For Bawag, ``it's very awkward to give such a large credit in the U.S. and there are certainly personal issues and relationships involved,'' said Matthias Bank, professor of finance and banking at the University of Innsbruck in western Austria.

Zwettler, Bawag's 64-year-old CEO, approved the loan to Refco on Oct. 9 with management board members Peter Nakowitz and Christian Buettner, said people familiar with the decision, who declined to be identified because of confidentiality agreements. The money was shifted to Bennett's account the next day.

Bennett Loan

Within hours, New York-based Refco removed Bennett, who was indicted Nov. 10 on charges of securities fraud by U.S. prosecutors, after an internal review found he owed the company $430 million. Zwettler said on Oct. 20 that bank officials tried to stop the transfer before Bennett received the money.

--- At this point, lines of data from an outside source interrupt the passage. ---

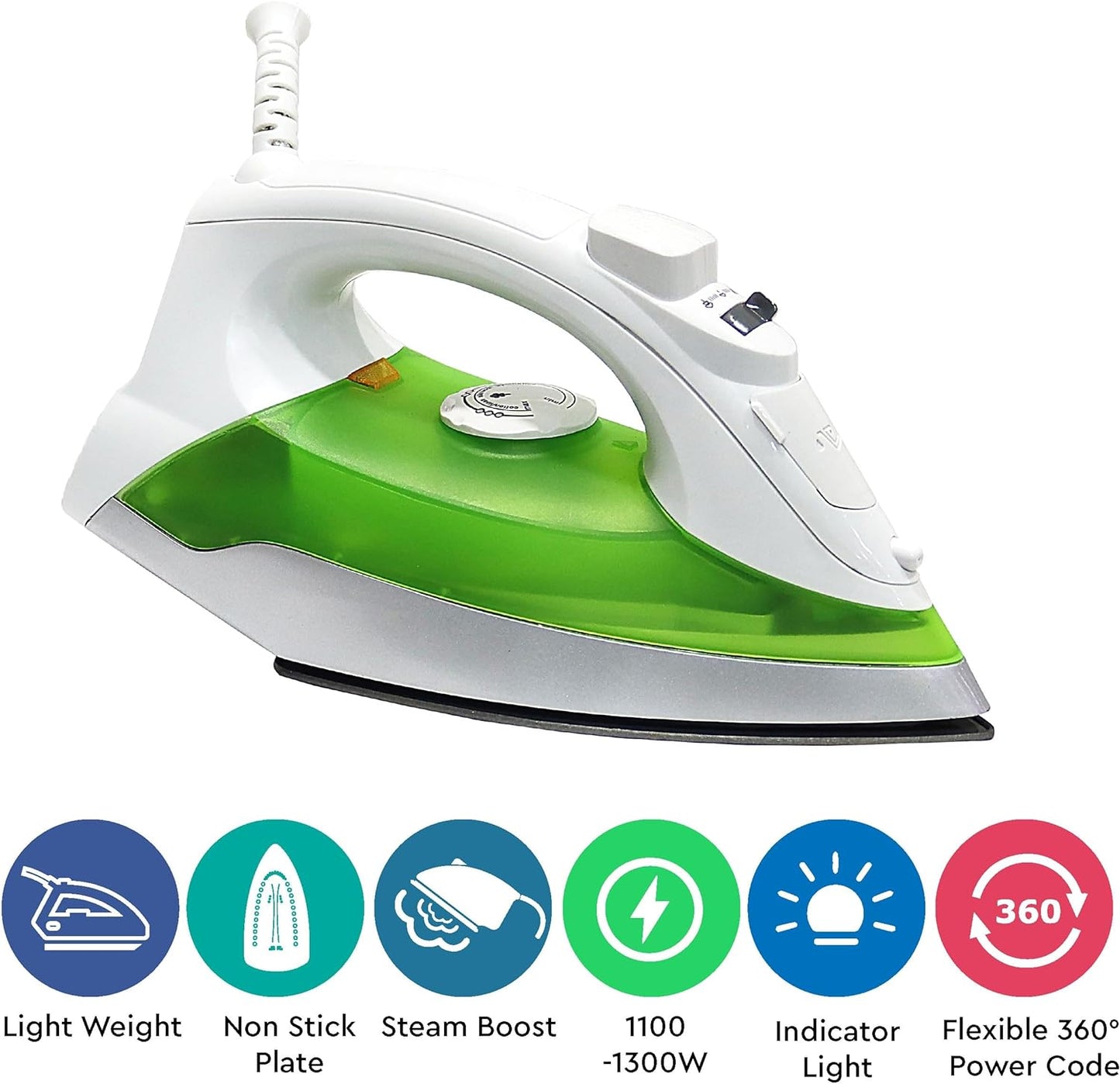Nobel Variable & Vertical Steam Iron with Cord Length 2mtr, Cloth Seeve Cord, Non Stick Soleplate and Ergonomic Handle Design NSI246 Green With 1 Year Warranty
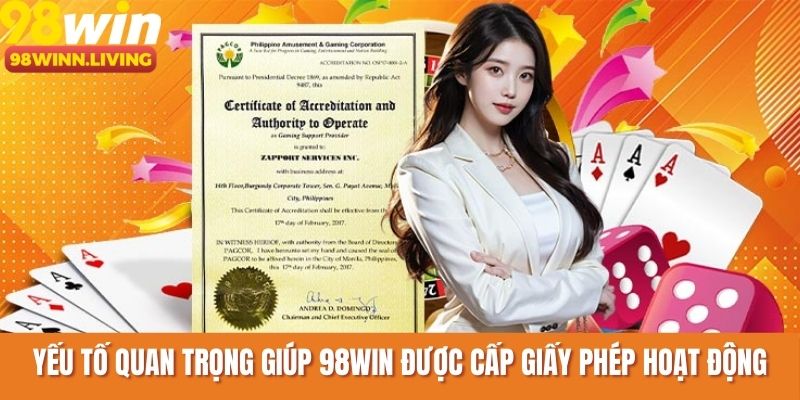 Yếu tố quan trọng giúp 98WIN được cấp giấy phép hoạt động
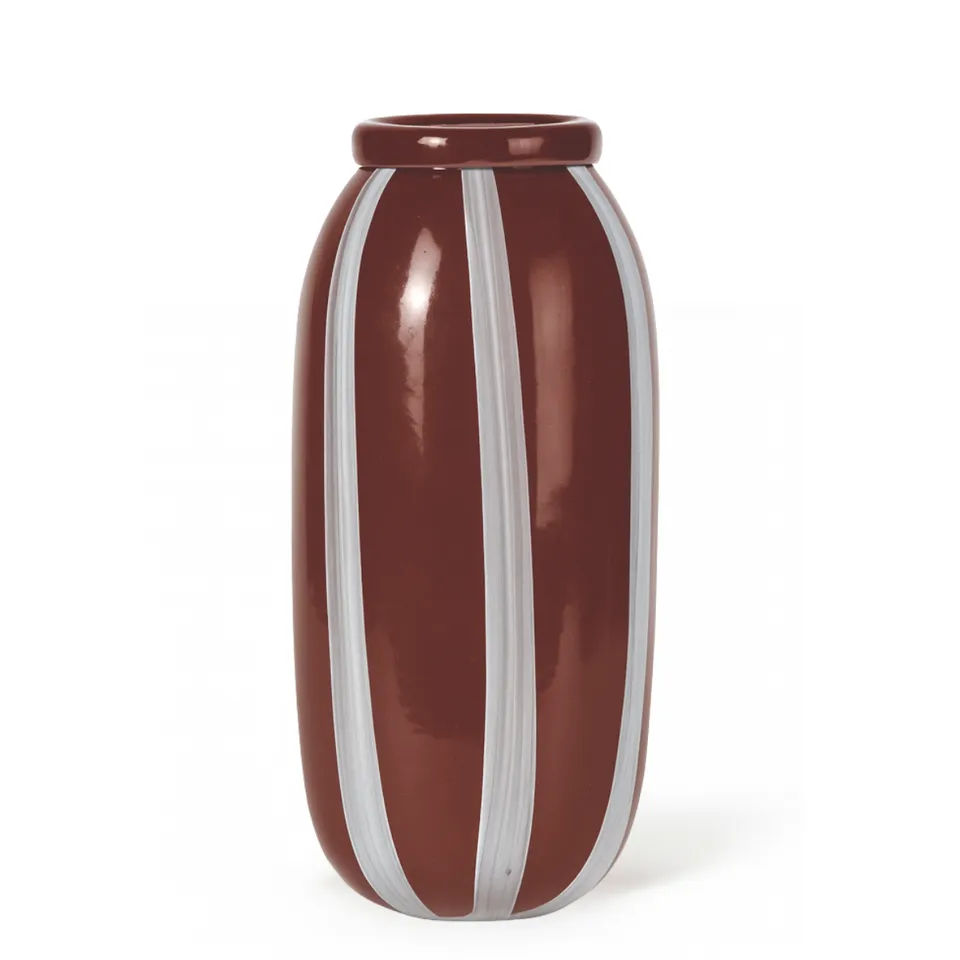 Sia Home Lattea Vase verre marron blanc 33 cm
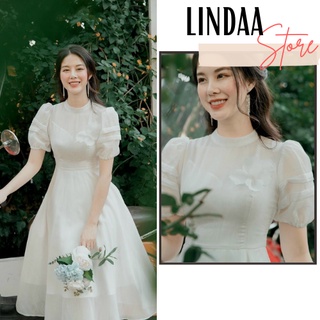 ĐẦM DỰ TIỆC MIDI CỔ LỌ TAY PHỒNG PHIPHI DRESS
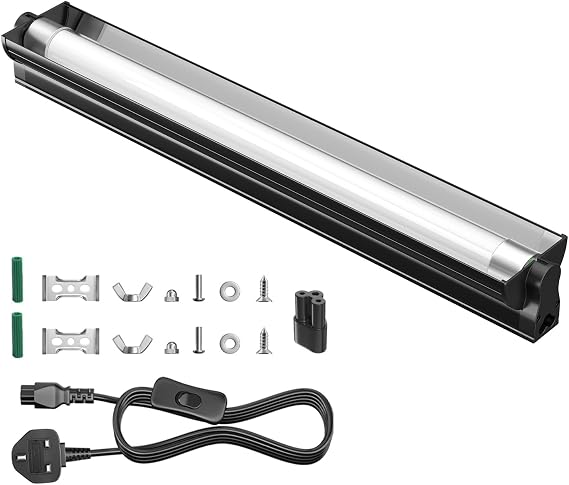 T8 UVB Light Reptile Kit 15W, 10.0 UVB UVA Lighting Combo Kit 18IN, Reptile Light Fixture with Fluorescent Tube for Vivariums, Desert Reptiles, Bearded Dragons, Lizards, Snakes [Energy Class A]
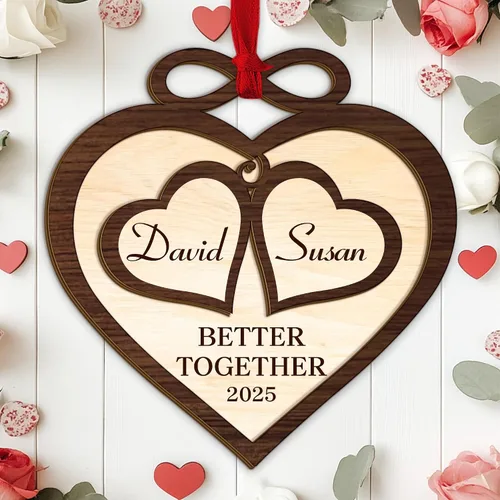 Miniatura 15 de Adorno personalizado para el primer aniversario, recuerdo romántico de corazón de cerámica con nombres y año, regalo para parejas, decoración única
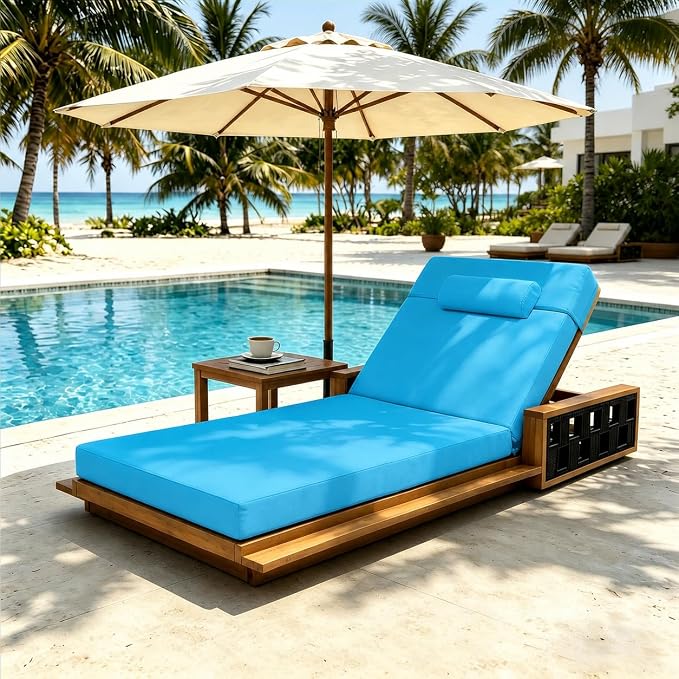 Chaise Lounge Cushion for Outdoor Furniture, Waterproof, Fade-Resistant and - Image 8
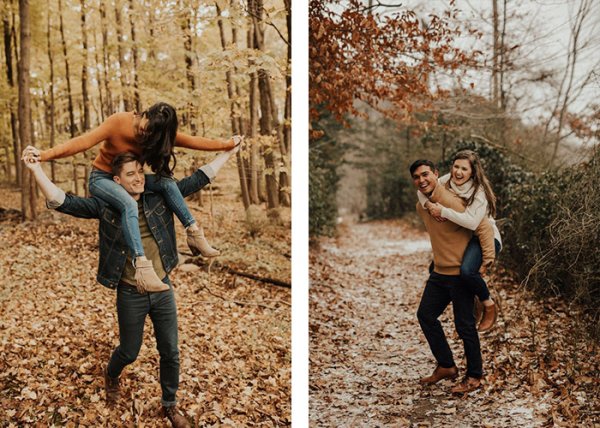  ژست عکس دونفره در طبیعت بهار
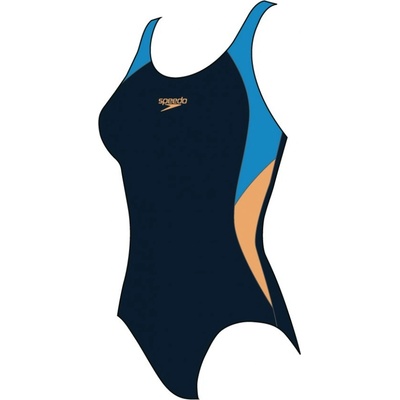 Speedo Colourblock Splice Muscleback tmavě modrá/modrá/oranžová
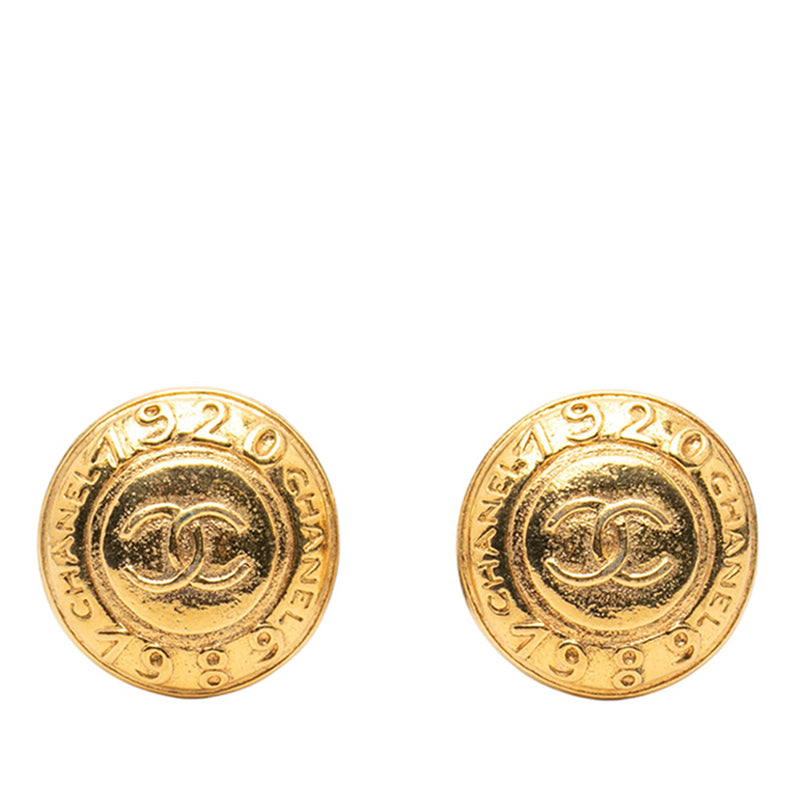 CC Gold Plated Round Clip On Earrings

``My predecessor knew Bennett so I knew him too and we met at least once or twice a year,'' Zwettler said on Oct. 19. ``I was in New York several times and Bennett was in Vienna several times as well.''

Bawag Supervisory Board Chairman Guenter Weninger criticized Zwettler for the way the bank approved the loan. The bank's credit committee should have been informed of the loan, Weninger said on Oct. 20, without being more specific. Zwettler, who has been CEO since 2003, told the board that he ``couldn't have suspected any falsification of financial statements'' when the loan was granted, Weninger said.

Sale to Man Group

The bank said in an Oct. 18 statement that it will write off ``what is necessary'' and has ``enough funds'' to cover the losses. Bawag has 3.9 billion euros of equity capital.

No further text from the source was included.